EXTRACTED RECORDS >>
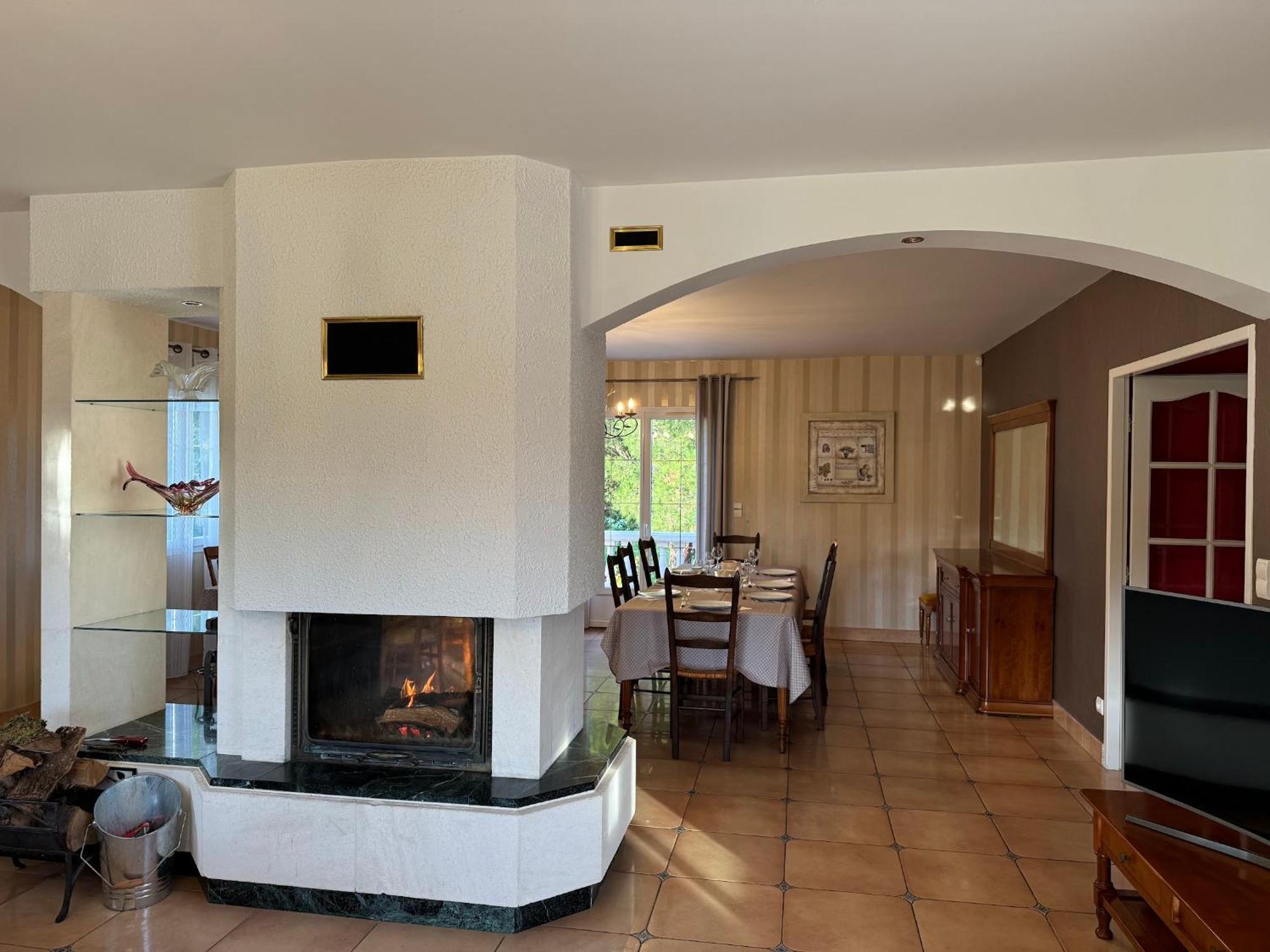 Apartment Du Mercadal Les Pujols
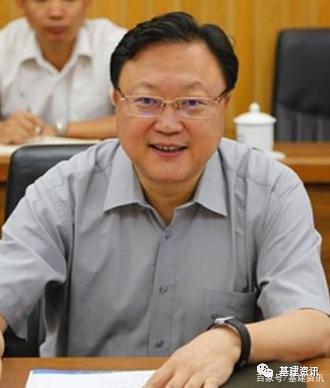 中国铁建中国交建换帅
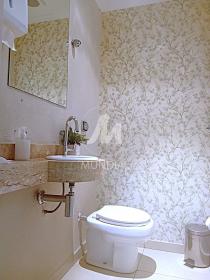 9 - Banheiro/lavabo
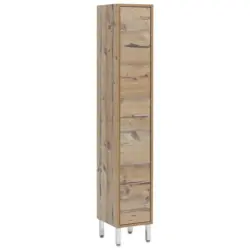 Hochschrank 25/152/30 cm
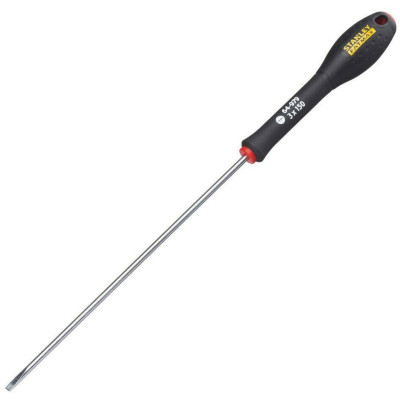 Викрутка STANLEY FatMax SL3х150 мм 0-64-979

WHAT YOU SHOULD DO >>
Word for word, print the material above, but without its pictures.

ANSWER FOR THIS EXERCISE >>
 Apartment Du Mercadal Les Pujols
 中国铁建中国交建换帅
 9 - Banheiro/lavabo
 Hochschrank 25/152/30 cm
 Викрутка STANLEY FatMax SL3х150 мм 0-64-979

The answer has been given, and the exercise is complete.